All long-term illnesses, especially chronic and autoimmune ones, have a significant impact on the quality of life and our mental well-being. It has long been known that there are certain connections between mental and physical experience and, consequently, between problems or illnesses in these two areas. The simultaneous occurrence of physical and mental illnesses is quite common. Recent global researches report in favour of holistic treatment (physical and psychological aspects of treatment) of patients with chronic and autoimmune diseases. Integrated treatments, which include professional help at the physical and mental levels, increase the impact of treatment on both levels, allow a more individual approach, reduce stigma, and increase access to psychological care for patients. Furthermore, researches also prove the effectiveness of various psychotherapeutic approaches in treating autoimmune diseases (e.i. https://www.karger.com/Article/Abstract/276370 https://link.springer.com/article/10.1007/s10865-009-9235-2 https://europepmc.org/article/med/18214212 https://www.tandfonline.com/doi/abs/10.1300/J015v23n01_01).

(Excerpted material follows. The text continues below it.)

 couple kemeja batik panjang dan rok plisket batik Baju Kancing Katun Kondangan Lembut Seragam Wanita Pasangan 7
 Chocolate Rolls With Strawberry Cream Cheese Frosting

Psychotherapy, the treatment of psychological problems through conversation and psychological techniques, with the goal of eliminating or reducing certain symptoms and improving the quality of life, can help alleviate the problems of autoimmune diseases in several ways. Psychotherapeutic treatment can offer:
Help in accepting illness
Diagnosing a chronic or autoimmune disease usually causes shock, which can be followed by a period when we cannot come to terms with the diagnosis, which is perfectly normal. Every person experiences the new situation individually, but most describe their inner experience through the stages of mourning: shock or denial (when we find out about the diagnosis, we try to convince ourselves that it is not true), anger (often directed at doctors or ourselves, e.g. in the form self-accusations that we have not done enough for our health), negotiation (we are convinced that it could be different, we are looking for other opinions, different forms of treatment, etc.), sadness and helplessness (this phase can be long and there is a risk for the onset of depression) and acceptance (acceptance of the disease, which to some extent ends mourning, unpleasant feelings become less intense, gradual adaptation to the new situation and lifestyle with the disease begins).

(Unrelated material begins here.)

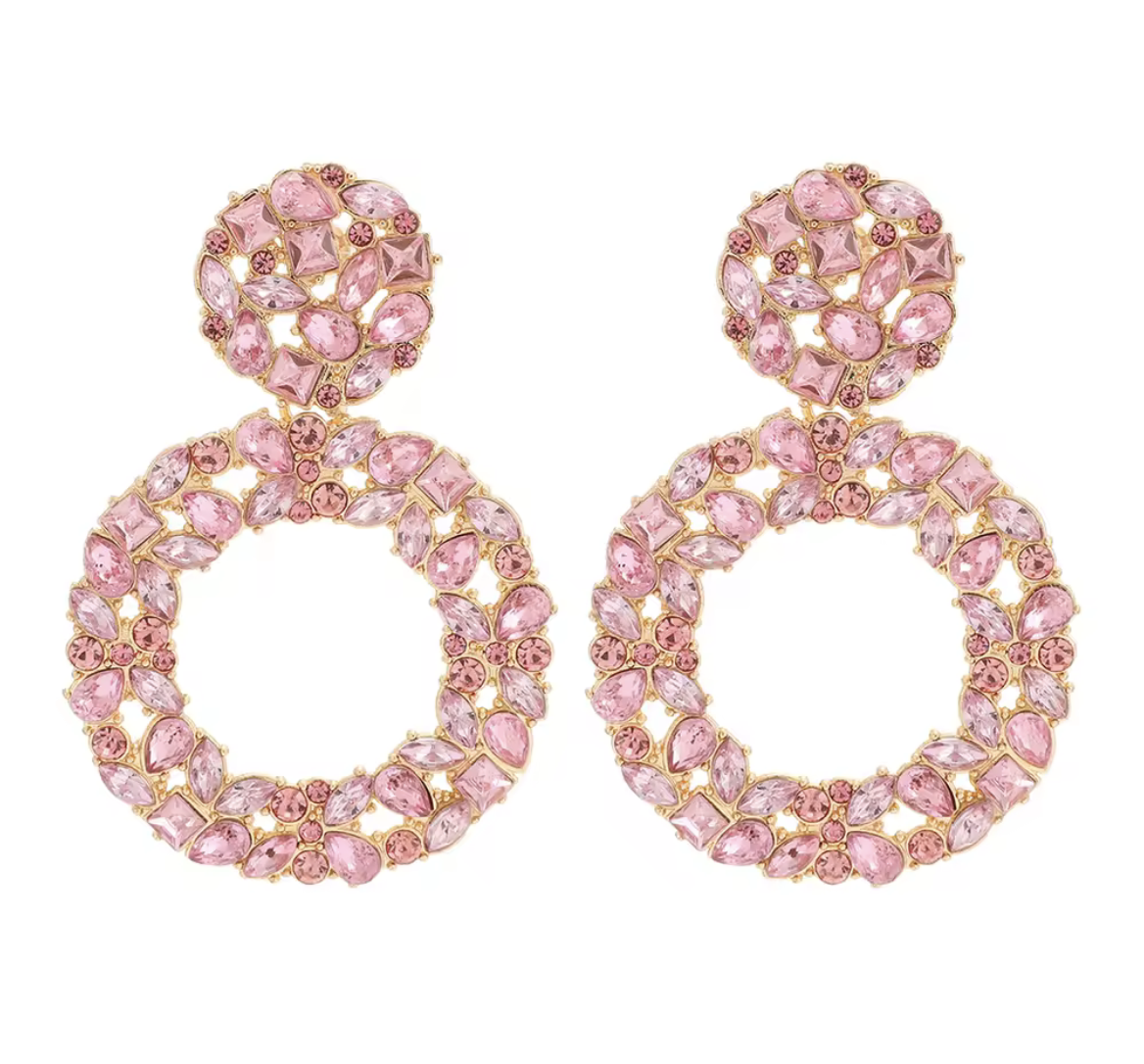 Round Crystal/Rhinestone Hollow Drop Earrings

Help in processing the emotions
Every physical illness is accompanied by a more or less intense emotional experience. In autoimmune diseases, strong feelings of helplessness often occur, as we would like to help ourselves to improve the situation, but these attempts sometimes fail, or after a period of remission, the disease worsens again. It is completely normal and common for the disease to be accompanied by strong unpleasant emotions (e.g. sadness, fear, anger, shame, guilt…), and with psychotherapeutic help we learn to recognize and express them appropriately. Suppressing unpleasant feelings further increases distress.
Help in coping with the physical symptoms of the disease
Some autoimmune diseases can cause severe physical pain or symptoms which cause discomfort or shame that we can process with the help of a psychotherapist. Furthermore, relaxation techniques (e.g. autogenic training, progressive muscle relaxation, breathing techniques) and mindfulness exercises can help alleviate physical pain.
Support in adapting to a new situation
Some autoimmune diseases can cause severe symptoms that can strongly affect the course of our day, so it is necessary to abandon or change old habits and form new ones, which can be much more stressful if we do not have proper help and support.
Help in redefining yourself
Every experience, especially a long-term illness, changes us, which we often resist. Psychotherapy helps us to accept what is inevitable, to know who we were, who we are in the present and who we want to be in the future, and to shape the path towards the set goals.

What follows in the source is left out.